*Prompt*
Please return the full listing word for word, leaving out any pictures.

- - - -

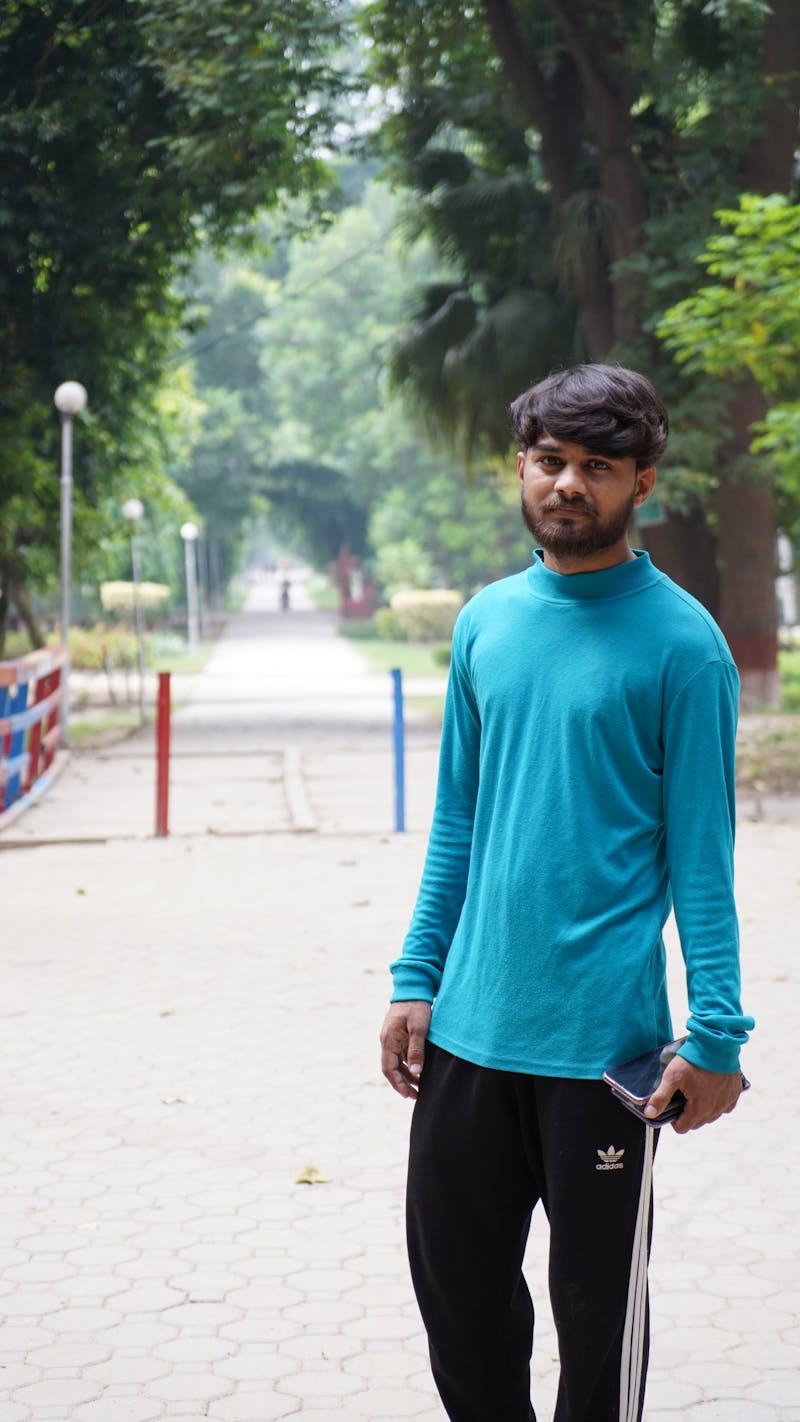 Energy audit being performed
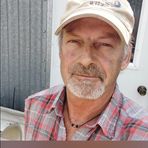 Profile Picture of Dennis Brazda (@Dennis-Brazda) on Facebook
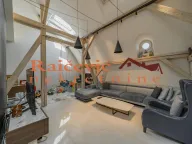 Prodaja, trosoban stan, 160m², Stari Grad, Beograd - image 5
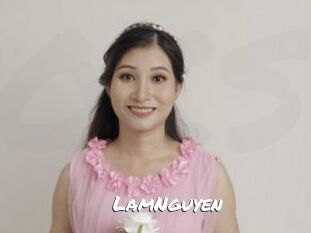 LamNguyen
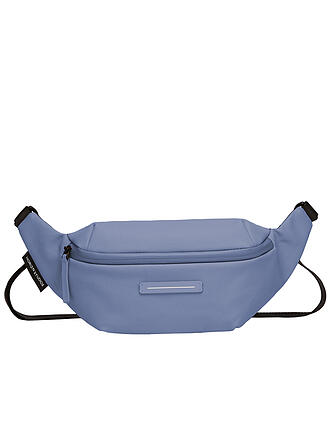 HORIZN STUDIOS | Bauchtasche Sofo | blau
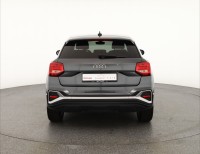 Audi Q2 30 TFSI S-Line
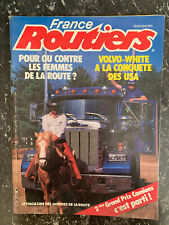 France Routiers N°51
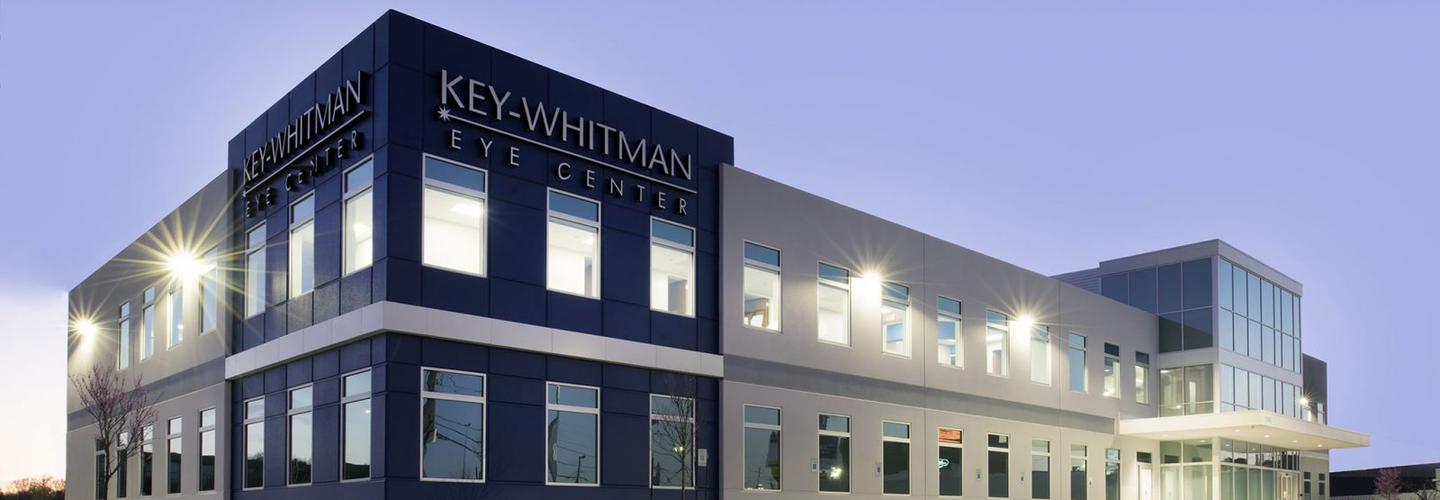 Peinado Construction cover photo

- - - -

*Solution to the problem*
 Energy audit being performed
 Profile Picture of Dennis Brazda (@Dennis-Brazda) on Facebook
 Prodaja, trosoban stan, 160m², Stari Grad, Beograd - image 5
 LamNguyen
 HORIZN STUDIOS | Bauchtasche Sofo | blau
 Audi Q2 30 TFSI S-Line
 France Routiers N°51
 Peinado Construction cover photo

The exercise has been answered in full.